● ASSIGNMENT: Print the lines in the listing below that fall between the line with "Crayola Fine Line" and the line with "map of restaurants, bars, coffee", those two lines included, exactly as they stand and with nothing else.
▼
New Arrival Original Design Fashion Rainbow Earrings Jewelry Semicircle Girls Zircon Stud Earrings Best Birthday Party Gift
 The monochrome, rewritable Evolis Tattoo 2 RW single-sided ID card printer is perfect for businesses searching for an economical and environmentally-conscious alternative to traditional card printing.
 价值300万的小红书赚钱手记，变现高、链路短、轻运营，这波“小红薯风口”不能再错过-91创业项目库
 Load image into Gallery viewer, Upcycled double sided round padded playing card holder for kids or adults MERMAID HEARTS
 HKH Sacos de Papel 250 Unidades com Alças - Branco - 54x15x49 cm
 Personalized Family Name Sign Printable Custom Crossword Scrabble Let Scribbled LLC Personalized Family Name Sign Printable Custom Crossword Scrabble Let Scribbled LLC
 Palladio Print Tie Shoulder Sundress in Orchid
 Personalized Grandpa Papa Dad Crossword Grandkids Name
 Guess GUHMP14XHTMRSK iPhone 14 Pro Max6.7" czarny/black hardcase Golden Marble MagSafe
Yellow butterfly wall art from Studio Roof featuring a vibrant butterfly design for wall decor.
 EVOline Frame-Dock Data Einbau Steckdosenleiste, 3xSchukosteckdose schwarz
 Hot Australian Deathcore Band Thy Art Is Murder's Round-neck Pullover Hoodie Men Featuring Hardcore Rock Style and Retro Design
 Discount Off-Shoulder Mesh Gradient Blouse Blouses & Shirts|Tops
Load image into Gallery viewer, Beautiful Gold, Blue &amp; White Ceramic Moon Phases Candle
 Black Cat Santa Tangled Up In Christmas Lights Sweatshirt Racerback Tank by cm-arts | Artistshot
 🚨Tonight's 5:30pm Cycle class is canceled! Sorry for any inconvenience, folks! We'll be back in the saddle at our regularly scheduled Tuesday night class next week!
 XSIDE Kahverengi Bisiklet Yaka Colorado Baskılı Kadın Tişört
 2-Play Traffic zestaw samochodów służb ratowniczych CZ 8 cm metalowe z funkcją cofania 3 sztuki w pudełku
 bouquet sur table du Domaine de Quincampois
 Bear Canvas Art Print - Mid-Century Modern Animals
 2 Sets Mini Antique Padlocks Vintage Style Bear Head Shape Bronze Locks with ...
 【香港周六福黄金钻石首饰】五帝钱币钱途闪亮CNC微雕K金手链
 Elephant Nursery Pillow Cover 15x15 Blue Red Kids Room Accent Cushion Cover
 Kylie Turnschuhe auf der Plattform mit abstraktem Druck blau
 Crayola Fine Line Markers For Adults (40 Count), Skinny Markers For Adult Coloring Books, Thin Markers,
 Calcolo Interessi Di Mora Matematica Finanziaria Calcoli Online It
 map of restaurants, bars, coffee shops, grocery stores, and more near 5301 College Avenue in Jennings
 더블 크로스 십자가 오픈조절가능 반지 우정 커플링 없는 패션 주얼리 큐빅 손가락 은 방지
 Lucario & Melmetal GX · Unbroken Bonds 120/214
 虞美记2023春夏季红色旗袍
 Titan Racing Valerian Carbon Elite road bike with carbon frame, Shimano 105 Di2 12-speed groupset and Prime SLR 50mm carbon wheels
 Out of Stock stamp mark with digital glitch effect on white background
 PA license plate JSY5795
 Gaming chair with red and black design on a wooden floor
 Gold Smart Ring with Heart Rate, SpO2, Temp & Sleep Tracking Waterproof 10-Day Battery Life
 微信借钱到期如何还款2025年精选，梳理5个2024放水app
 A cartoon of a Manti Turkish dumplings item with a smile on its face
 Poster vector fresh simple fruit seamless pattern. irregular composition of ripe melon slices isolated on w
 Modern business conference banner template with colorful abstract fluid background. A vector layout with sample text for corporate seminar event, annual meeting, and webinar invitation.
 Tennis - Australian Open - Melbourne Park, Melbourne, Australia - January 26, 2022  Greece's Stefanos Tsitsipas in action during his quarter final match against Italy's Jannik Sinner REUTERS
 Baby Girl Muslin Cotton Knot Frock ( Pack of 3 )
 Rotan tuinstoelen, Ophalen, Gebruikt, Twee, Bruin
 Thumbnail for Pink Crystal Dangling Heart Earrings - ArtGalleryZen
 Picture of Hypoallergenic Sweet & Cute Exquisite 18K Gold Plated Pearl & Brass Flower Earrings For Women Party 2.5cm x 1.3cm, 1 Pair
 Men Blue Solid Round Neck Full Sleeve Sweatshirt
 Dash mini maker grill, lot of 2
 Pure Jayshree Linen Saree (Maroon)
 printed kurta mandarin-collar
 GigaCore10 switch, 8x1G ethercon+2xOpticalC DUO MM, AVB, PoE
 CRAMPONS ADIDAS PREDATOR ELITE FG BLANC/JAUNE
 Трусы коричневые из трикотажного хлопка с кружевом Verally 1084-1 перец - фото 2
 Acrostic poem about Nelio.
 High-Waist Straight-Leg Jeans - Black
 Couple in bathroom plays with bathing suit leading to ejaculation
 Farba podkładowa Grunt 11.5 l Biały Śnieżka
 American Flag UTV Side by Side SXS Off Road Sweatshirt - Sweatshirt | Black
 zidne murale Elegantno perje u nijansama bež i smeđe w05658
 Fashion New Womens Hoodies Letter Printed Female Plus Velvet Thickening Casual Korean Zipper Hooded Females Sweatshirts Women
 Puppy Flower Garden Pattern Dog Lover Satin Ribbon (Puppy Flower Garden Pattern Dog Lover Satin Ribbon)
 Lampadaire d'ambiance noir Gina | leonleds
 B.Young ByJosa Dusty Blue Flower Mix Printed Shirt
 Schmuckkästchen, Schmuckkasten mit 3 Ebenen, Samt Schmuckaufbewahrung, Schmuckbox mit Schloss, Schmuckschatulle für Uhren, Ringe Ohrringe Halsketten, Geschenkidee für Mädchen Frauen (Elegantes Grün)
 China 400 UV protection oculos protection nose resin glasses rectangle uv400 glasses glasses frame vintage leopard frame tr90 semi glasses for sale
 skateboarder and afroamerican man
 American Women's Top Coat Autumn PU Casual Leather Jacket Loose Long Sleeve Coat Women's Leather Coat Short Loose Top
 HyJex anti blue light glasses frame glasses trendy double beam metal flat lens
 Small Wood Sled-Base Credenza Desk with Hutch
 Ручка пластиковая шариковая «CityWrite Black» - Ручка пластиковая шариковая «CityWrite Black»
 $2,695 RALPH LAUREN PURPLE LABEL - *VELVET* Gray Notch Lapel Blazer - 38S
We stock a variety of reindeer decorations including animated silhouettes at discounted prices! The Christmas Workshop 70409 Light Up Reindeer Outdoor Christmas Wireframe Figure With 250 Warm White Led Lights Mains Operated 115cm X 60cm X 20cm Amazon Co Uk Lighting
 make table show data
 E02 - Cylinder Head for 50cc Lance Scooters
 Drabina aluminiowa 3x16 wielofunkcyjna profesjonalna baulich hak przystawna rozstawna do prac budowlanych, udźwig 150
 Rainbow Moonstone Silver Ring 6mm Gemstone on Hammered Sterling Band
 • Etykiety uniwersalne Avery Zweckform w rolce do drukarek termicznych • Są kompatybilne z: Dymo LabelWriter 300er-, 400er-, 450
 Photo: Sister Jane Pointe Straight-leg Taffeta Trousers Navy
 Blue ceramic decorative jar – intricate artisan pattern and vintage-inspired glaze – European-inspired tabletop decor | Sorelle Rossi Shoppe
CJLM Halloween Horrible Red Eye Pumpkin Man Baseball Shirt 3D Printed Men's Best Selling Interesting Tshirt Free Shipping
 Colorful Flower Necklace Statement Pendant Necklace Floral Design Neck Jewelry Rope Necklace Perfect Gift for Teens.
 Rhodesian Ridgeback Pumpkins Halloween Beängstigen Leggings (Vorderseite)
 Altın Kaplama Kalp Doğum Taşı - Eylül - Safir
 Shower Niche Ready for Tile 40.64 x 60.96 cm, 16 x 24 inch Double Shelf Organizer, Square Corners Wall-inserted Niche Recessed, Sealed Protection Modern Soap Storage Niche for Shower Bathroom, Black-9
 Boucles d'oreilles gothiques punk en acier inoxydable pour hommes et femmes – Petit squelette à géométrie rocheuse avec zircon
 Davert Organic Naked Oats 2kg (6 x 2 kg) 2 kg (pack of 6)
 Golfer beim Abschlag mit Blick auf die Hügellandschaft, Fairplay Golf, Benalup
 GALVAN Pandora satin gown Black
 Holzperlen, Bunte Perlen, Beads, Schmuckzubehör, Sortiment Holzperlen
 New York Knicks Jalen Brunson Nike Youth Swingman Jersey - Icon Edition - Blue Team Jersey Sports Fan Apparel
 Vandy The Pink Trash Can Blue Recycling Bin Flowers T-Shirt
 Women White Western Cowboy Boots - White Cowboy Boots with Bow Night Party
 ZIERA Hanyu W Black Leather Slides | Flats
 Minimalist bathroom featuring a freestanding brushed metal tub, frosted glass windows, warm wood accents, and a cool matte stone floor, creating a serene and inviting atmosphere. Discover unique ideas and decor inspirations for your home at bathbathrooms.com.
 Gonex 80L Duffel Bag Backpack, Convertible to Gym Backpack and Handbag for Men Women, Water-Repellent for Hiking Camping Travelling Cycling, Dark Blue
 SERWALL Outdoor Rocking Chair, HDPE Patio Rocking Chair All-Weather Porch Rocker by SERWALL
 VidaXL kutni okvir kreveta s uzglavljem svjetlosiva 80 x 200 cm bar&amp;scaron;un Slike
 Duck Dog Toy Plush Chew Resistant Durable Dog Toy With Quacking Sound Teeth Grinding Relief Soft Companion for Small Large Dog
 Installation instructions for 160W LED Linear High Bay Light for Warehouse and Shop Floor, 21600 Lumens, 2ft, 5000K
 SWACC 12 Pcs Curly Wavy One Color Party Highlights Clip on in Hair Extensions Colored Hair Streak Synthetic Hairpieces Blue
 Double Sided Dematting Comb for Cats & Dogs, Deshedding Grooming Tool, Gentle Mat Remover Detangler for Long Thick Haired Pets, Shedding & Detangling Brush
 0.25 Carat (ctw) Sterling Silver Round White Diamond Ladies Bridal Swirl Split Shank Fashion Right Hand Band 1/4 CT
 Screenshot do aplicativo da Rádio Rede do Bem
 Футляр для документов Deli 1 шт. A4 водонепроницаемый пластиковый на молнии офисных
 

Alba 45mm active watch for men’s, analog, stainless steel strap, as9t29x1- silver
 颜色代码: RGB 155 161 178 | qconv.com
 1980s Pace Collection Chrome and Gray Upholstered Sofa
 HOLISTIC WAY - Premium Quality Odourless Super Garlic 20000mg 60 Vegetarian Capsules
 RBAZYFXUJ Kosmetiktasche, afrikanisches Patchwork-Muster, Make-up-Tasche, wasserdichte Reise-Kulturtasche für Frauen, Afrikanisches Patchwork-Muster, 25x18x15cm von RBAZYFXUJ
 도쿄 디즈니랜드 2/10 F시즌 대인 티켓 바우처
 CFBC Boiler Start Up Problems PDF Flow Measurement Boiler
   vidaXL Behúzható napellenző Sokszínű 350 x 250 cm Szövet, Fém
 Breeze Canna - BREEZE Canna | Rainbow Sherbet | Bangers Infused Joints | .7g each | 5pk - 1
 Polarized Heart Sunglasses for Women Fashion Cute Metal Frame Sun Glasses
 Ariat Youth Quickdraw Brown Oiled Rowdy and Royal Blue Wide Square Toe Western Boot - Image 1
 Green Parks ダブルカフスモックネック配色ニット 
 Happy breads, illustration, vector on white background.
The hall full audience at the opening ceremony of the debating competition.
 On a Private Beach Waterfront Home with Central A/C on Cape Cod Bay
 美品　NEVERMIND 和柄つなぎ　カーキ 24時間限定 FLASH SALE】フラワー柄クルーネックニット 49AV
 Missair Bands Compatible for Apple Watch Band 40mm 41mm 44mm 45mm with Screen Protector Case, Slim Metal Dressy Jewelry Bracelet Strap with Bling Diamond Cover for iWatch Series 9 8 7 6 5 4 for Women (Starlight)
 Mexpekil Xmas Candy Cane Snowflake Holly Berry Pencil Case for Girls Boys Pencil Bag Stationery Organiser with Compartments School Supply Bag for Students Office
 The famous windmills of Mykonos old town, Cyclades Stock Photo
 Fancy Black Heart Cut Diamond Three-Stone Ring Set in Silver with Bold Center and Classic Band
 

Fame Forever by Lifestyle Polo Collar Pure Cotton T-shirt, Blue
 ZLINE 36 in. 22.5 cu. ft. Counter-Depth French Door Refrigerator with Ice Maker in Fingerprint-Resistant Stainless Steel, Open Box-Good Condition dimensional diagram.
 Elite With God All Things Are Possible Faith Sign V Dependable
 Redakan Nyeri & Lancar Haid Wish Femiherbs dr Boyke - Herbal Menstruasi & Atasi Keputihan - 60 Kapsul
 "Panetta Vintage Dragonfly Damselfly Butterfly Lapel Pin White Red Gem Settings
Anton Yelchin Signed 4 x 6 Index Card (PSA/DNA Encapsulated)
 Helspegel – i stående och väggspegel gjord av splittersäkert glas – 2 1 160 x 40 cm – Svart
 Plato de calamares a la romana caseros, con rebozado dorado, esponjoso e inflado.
▲
● WRITTEN SOLUTION:
 Crayola Fine Line Markers For Adults (40 Count), Skinny Markers For Adult Coloring Books, Thin Markers,
 Calcolo Interessi Di Mora Matematica Finanziaria Calcoli Online It
 map of restaurants, bars, coffee shops, grocery stores, and more near 5301 College Avenue in Jennings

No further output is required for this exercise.